3024 — Implementation of Smoking Cessation Treatment Guidelines: Do Strategies Around Counseling Translate to Treatment?
Farmer MM (VA GLAHS HSR&D COE), Yano EM
(VA GLAHS HSR&D COE), Sherman SE
(VA New York Harbor Healthcare System), Lanto AB
(VA GLAHS HSR&D COE), Riopelle DD
(VA GLAHS HSR&D COE)
Among the first VA performance measures, both tobacco use detection and counseling rates achieved a ceiling effect early in VA’s quality transformation. However, smoking cessation (SC) treatment rates are lower than almost all other preventive care delivery. We examined whether organizational characteristics shown to impact counseling rates and other preventive services influenced SC treatment/referral rates.
We used organizational measures from the VHA Survey of Primary Care Practices (1999-2000; n = 235 VA facilities) on local methods used to promote SC guideline adherence, sufficiency of practice resources, and authority over clinical arrangements. We used patient self-reported SC treatment or referral from the 2002 Survey of Healthcare Experiences of Patients to create facility scores, and used facility-level linear regression to evaluate the effectiveness of different guideline implementation methods.
On average, 42% of smokers reported being treated or referred for SC treatment, with substantial facility-level variation (range 16%-60%). Rates were even lower for specific treatments: 20% for self-help (5%-37%), 27% for counseling (7%-48%), and 32% for medications (3%-55%). Virtually all VA facilities (98%) reported employing one or more methods to promote guideline adherence for SC counseling, using computer reminders (66%), chart reminders (55%) and provider education (82%), but these methods did not predict SC treatment rates. Primary care structural features, such as resource sufficiency and practice autonomy, also failed to predict treatment rates.
In 2002, prior to VA’s implementation of a treatment-related performance measure, patient-reported SC treatment/referral rates were low. None of the methods that have supported routine care tobacco counseling significantly impacted subsequent treatment rates. VA practices with better resources and those with the autonomy to redesign their care arrangements, both of which have predicted better prevention performance, had no significant influence on SC treatment rates.
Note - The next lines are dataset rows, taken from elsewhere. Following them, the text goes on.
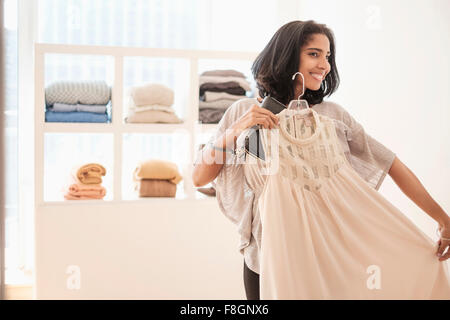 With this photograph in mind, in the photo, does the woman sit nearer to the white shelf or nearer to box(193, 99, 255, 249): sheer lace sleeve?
box(193, 99, 255, 249): sheer lace sleeve

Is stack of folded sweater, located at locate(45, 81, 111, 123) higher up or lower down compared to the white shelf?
higher up

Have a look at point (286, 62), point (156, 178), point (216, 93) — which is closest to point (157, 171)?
point (156, 178)

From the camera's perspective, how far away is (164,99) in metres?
2.49

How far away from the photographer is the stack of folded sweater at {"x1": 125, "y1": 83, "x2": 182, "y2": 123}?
246 centimetres

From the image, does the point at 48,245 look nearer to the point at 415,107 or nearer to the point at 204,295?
the point at 204,295

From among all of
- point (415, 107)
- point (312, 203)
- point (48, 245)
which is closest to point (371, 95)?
point (415, 107)

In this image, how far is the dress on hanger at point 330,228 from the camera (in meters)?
1.13

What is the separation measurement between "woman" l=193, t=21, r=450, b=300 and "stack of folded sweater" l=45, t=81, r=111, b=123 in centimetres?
123

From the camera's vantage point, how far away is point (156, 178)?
2498 millimetres

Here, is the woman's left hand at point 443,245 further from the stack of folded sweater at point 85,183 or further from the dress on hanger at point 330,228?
the stack of folded sweater at point 85,183

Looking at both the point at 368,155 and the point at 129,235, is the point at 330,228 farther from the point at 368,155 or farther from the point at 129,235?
the point at 129,235

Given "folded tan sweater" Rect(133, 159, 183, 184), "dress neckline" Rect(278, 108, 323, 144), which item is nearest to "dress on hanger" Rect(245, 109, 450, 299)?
"dress neckline" Rect(278, 108, 323, 144)

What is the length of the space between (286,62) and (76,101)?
1.44 metres

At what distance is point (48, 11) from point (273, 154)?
243cm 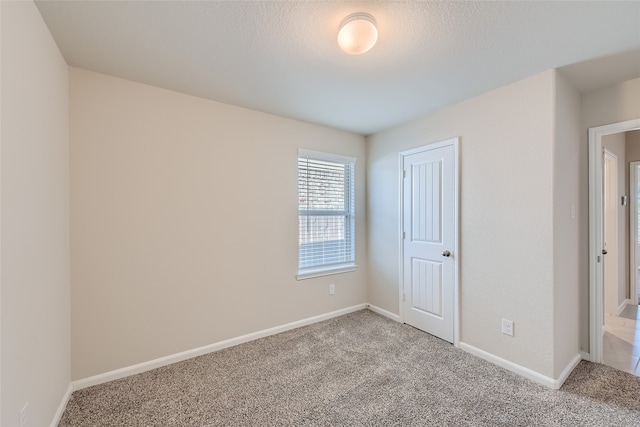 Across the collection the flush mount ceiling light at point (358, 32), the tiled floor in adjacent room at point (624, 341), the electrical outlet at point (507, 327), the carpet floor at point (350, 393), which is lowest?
the carpet floor at point (350, 393)

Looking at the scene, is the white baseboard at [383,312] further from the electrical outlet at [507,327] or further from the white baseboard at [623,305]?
the white baseboard at [623,305]

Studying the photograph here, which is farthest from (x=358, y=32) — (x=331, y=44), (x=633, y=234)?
(x=633, y=234)

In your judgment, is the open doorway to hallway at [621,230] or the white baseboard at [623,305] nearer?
the open doorway to hallway at [621,230]

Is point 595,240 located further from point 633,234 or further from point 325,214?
point 325,214

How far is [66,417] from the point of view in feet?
5.74

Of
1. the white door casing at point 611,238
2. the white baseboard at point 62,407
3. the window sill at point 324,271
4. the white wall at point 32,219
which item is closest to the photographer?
the white wall at point 32,219

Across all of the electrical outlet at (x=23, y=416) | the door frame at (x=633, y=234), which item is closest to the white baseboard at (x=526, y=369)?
the door frame at (x=633, y=234)

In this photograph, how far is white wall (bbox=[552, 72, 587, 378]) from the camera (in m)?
2.05

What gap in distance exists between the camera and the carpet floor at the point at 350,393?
5.67ft

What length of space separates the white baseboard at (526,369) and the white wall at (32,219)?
307 cm

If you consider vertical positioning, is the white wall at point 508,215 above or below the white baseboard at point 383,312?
above

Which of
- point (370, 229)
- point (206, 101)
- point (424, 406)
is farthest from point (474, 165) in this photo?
point (206, 101)

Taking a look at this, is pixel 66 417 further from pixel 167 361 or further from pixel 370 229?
pixel 370 229

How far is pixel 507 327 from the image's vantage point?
2.27 metres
Common quality improvement implementation strategies that have worked for detection and counseling of smokers and other VA performance measures do not translate into benefits for SC treatment. While there are no “magic bullets” that apply to all components of SC guidelines, this work suggests that system-wide improvement of SC treatment will likely require organizational strategies that eliminate barriers to treatment not currently addressed by these particular methods.